Being eco-friendly doesn’t mean being an eco-bully
by Hannah Sung
THE MEAN OF GREEN Being eco-friendly doesn’t mean being an eco-bully By Hannah Sung
Photo by Gabriel Steele
We have an enemy in the house: plastic bags. I try not to bring them home, but they sneak in anyhow. I have reused the same ratty, flimsy plastic bag for weeks, sometimes carrying my lunch in it, sometimes wrapping it on my bike seat when grey skies threaten rain. I don’t have a lot of patience for disposable coffee cups or plastic water bottles, either. And, truth be told, I could seriously head-butt the person who thinks I want to buy free-range eggs encased in non-recyclable clear plastic.

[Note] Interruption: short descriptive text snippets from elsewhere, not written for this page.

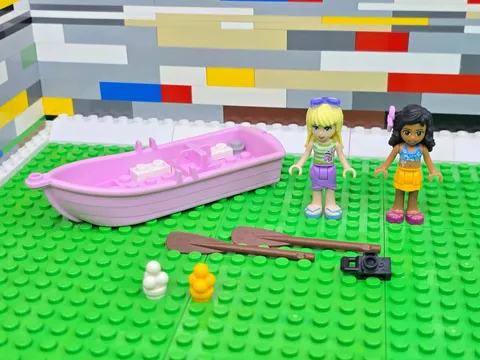 LEGO Friends Stephanie And Kate With Boat Set 
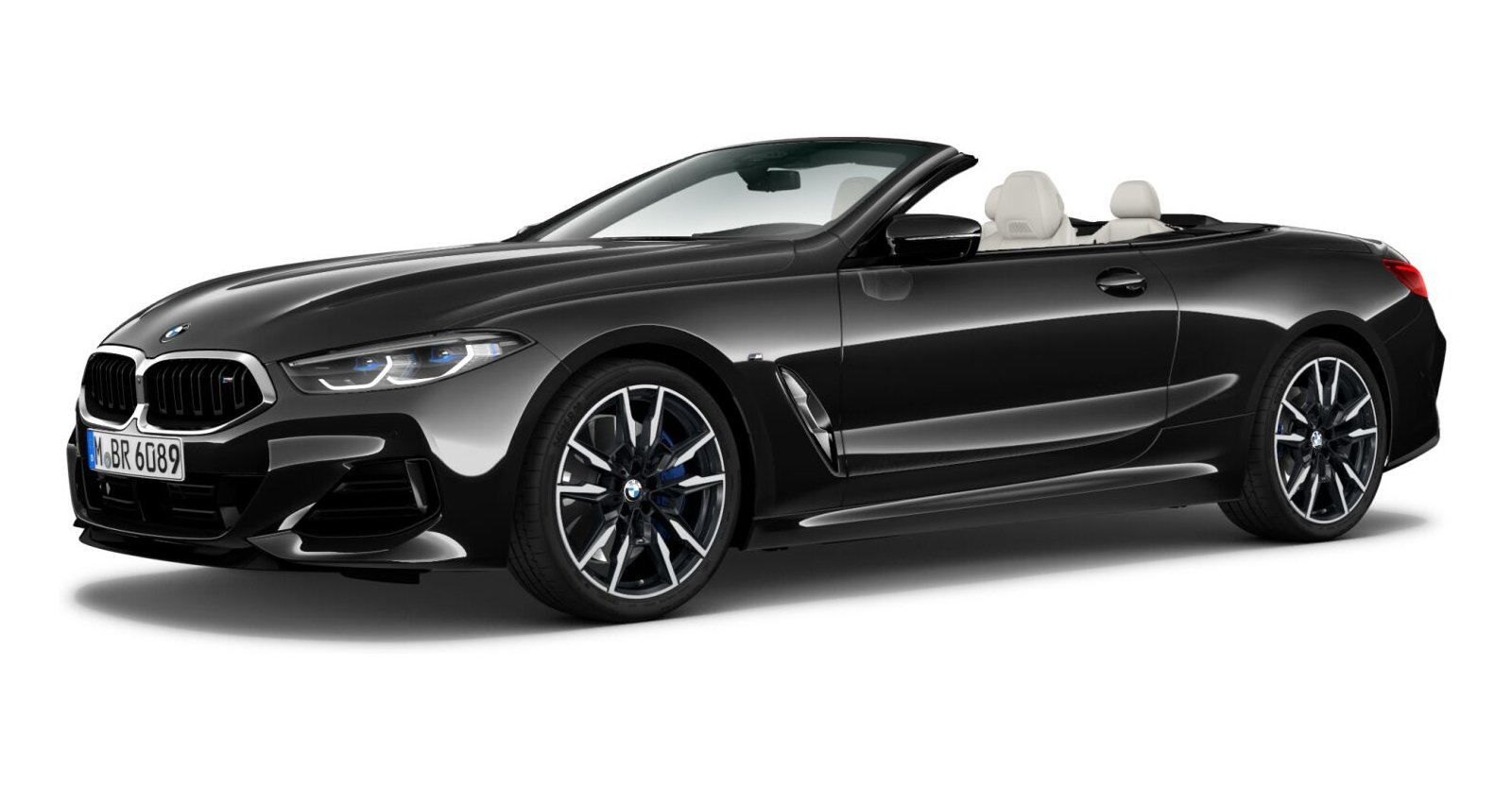 BMW M850i xDrive Cabrio in Schwarz von vorne BMW M850i xDrive Cabrio in Schwarz von vorne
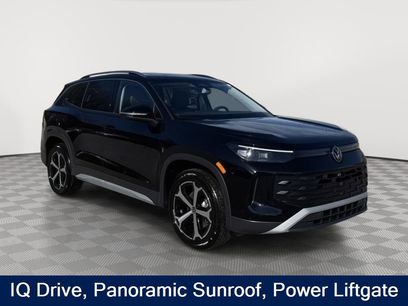 New 2025 Volkswagen Tiguan SE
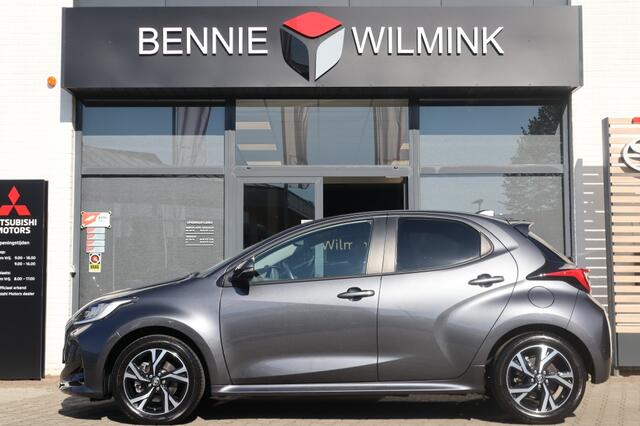 Toyota YARIS 1.5 Hybrid 115 First Edition Stuur en stoelverwarming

What I don’t want to become, however, is that person who counts how many plastic bags the next person is stuffing at the grocery checkout: “That lady is double-bagging!” Nobody wants to hear the greener-than-thou rants of an eco-bully. Even if it’s well-intentioned, it’s smug. And being smug is unbecoming—like a bad outfit. You may as well pat your face with dirt and top your outfit with garlic earrings before heading out to a party. It’s people-repellent.
Ask my friend Cate* about eco-bullies and she’ll talk about a friendship that imploded under the heavy weight of such judgment. She had a high school friend who became more and more militant about environmentalism and they began to drift. Years went by. Cate invited her over. The conversation quickly turned to the topic of environmentalism. Not that anyone asked, but her friend declared, “I’m really not that hard core. If I was hard core about it, I wouldn’t set foot in this house.” Ouch. What is Miss Manners to do in that situation? Sweet Cate, who loves to compost and cycle to work, thought, “What a bitch.” And they never spoke again.

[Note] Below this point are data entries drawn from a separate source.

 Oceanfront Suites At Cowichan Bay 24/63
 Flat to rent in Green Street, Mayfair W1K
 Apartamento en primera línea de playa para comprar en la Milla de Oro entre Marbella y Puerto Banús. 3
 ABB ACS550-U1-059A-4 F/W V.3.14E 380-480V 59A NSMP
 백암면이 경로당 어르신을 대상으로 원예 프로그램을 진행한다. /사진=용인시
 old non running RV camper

Point is, eco-bullies, including the tiny one in me, have got to go. And in their place? Eco-charmers. Anyone who has ever tried to coax a baby or boyfriend knows that bullying doesn’t get you anywhere. But charm will.
*Name has been changed.
Eco-charmers don’t bulldoze conversations. Instead, they lead by example. Just like my raised-on-the-West-Coast-by-hippies partner, Isaac. I am highly suggestible, which made converting me almost too easy, but the macho guys at drop-in basketball were a different story. Every week, Isaac played ball in a high school gym and the organizer of this drop-in would bring a flat of bottled water. The guys would guzzle and toss all night, creating a mini plastic landfill. Isaac spotted a recycling bin down the hall and dragged it into the gym every week, wordlessly placing it next to the garbage. The result wasn’t life-changing—the bottles went into the recycling instead of the garbage (a concept even children grasp these days)—but it was something. Somehow, Isaac did what he could without inadvertently alienating his plastic-loving friends in the process.
There’s really no way to say “Don’t do that!” nicely. It seems the best way to go about it is to have a list of dos rather than don’ts. And being positive about eco-friendly changes is to love your own green lifestyle, not see it through the lens of sacrifice. Guaranteed, others will want to join the garden party.

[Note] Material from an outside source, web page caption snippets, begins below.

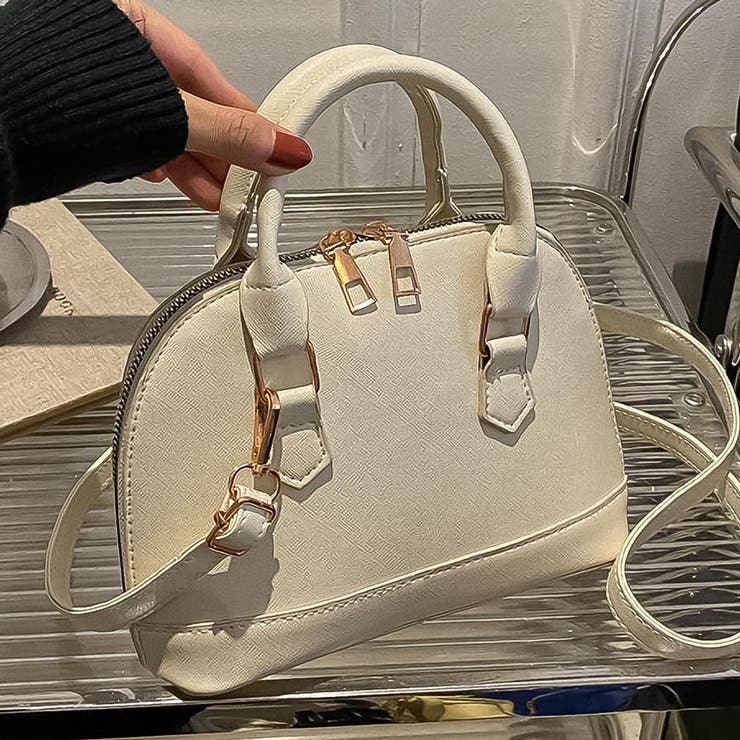 ✨美品✨フルラ パイパー M 2way ショルダー ハンドバック 自立 ドーム型 FURLA フルラ パイパー ショルダーバッグ ハンドバッグ 2WAY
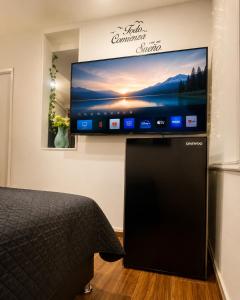 a flat screen tv on a wall in a bedroom at Yui Loft cómodo para pareja o estancia tranquila in Pachuca de Soto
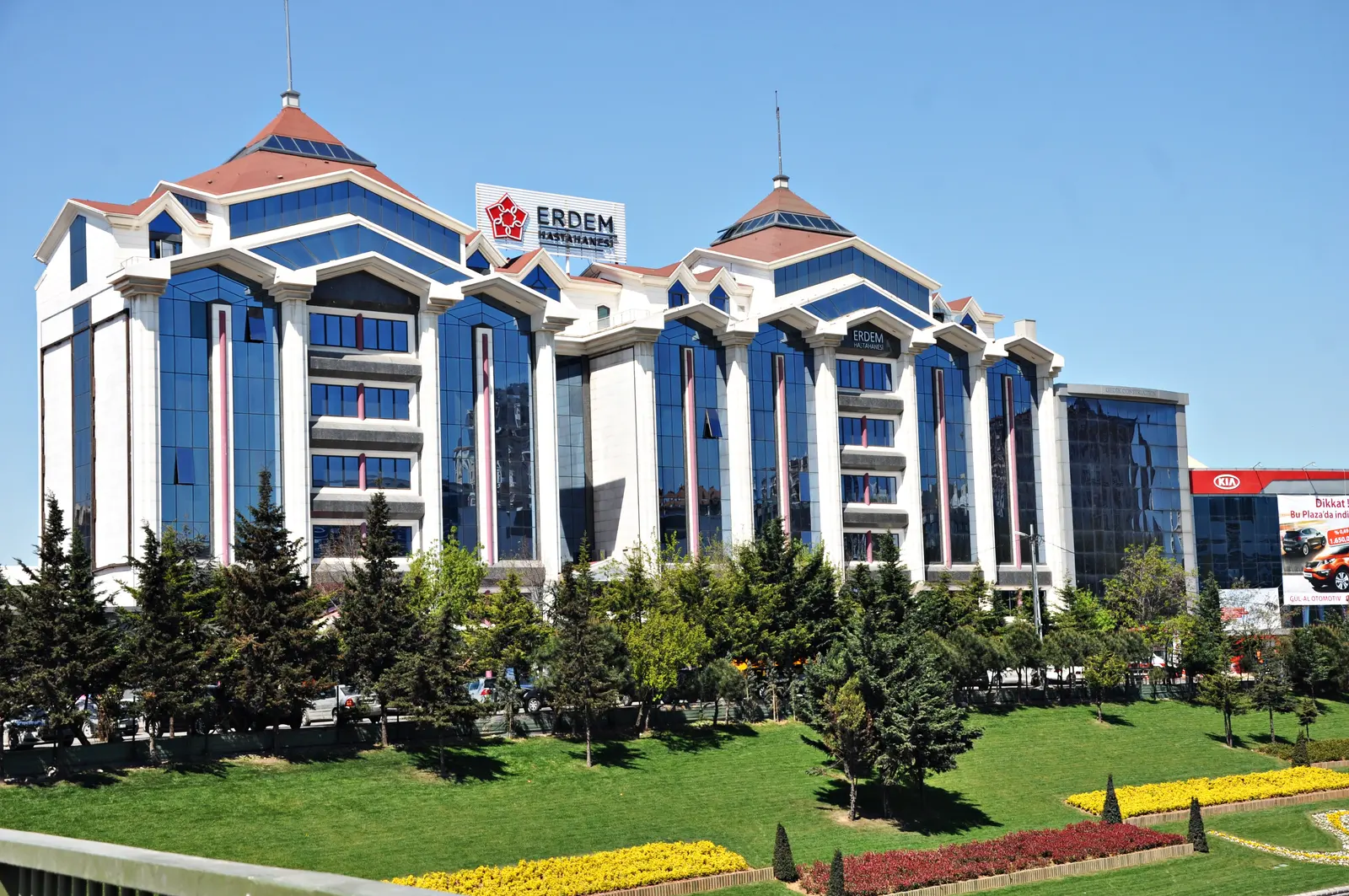 Clinic-provided photograph of Çakmak Erdem Hospital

I know I’m the last person to judge others because I have flown around the world (and knowing how much air travel contributes to climate change is a real bummer for me).
Unless one lives completely off-grid (hello, Darryl Hannah) and saves the bathwater for the garden, and even then, especially then, it doesn’t help this cause—the cause of our times—to judge others. Out loud, anyway. So I will continue to practise self-restraint when witnessing people double-bagging. Maybe they’ll return the favour and bring a cloth tote next time.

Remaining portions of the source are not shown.